Parece tragédia grega.

Em um depoimento ao Dops, no dia em que o contador tomou a surra dos policiais, o Simonal teria declarado que cooperava com a ditadura com "informações que levaram esta seção a desbaratar por diversas vezes movimentos subterrâneos". O que vocês acham desse depoimento?
CASTRO:
É fundamental entender o contexto dessa declaração.
O depoimento do Simonal foi dado no mesmo dia e no mesmo local onde houve a agressão a seu ex-funcionário e justamente para os mesmos policias que foram os responsáveis pela operação — o chefe de buscas ostensivas do Dops, Mário Borges, e o policial da casa Hugo Correia de Matos.

Vocês acham, então, que o depoimento do Simonal pode ter sido forjado?
CASTRO:
Para mim, é claro que esse documento “legal”, feito em forma de denúncia, foi produzido para legitimar a atitude ilegal que os policiais iriam cometer.

E vocês conheciam esse depoimento?
CASTRO:
Há bastante tempo.
Eu já vi esses documentos até em tese de mestrado de faculdade.

Como o Simonal se sentia carregando o peso nas costas de ser considerado por muitos como um informante? E para a família? Vocês também sofreram com o preconceito que o Simonal carregou?
CASTRO:
Não dá para explicar com palavras. No filme, o sofrimento aparenta ser grande. Posso garantir que fora da tela o sofrimento foi cem vezes maior.
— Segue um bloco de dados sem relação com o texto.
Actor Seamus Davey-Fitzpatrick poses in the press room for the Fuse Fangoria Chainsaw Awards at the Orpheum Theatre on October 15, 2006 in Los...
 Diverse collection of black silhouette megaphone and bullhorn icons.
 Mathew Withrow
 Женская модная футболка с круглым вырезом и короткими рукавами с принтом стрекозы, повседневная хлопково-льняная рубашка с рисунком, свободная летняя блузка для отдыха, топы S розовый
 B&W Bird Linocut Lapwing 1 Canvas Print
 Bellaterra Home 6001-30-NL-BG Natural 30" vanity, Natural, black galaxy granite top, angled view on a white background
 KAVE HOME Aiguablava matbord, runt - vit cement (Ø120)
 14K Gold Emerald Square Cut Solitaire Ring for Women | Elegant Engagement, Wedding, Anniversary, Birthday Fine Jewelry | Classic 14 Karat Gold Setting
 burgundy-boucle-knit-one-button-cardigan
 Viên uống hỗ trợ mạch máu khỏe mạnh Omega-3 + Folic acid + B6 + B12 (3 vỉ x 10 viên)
Por que você acha que essa história perdura até hoje? Quem foi o responsável em colar em seu pai a alcunha de dedo-duro?
CASTRO:
A guerra política é suja. Informações e contrainformações são usadas para confundir. Se o Simonal não fosse “marrento” e “exibido”, não teria colado. É como apelido que só pega em quem reage.
Se você ler o processo dele, em 655 páginas não há um único fato concreto que mostre que ele tenha colaborado com o Dops como informante. Na verdade, o máximo que se pode afirmar é que foi o Dops quem colaborou com ele. Esse foi o seu grande erro: usar o seu prestígio e carisma de artista para resolver um problema pessoal de uma maneira tão irresponsável. O Simonal era umas das pessoas mais famosas do Brasil naquela época. Os policiais não fizeram aquilo por razões políticas, fizeram para bajular o astro, o ídolo.

A tese defendida pelo documentário é de que Simonal não era informante, mas que ele ainda assim cometeu o erro de encomendar a surra no contador. Ele falava sobre isso com a família?
CASTRO:
Não concordo que o filme defenda essa tese. O tema é abordado mas é que, como não há provas de que ele tenha sido mesmo um informante, seria leviano fazer essa afirmação. Todo mundo é inocente até que se prove o contrário. Não se trata de inocentar Simonal. É que ainda faltam dados para condenálo. Embora tivesse seus motivos, ele pôs tudo a perder quando decidiu resolver o assunto com violência e covardia.
Foi processado, condenado, preso e perdeu tudo o que tinha conquistado. Só não é justo, por tabela, ele ter de pagar por um outro crime que ele não cometeu.

Qual a imagem do Wilson Simonal que você guarda na lembrança?
CASTRO:
A de um pai afetuoso, querido e amoroso.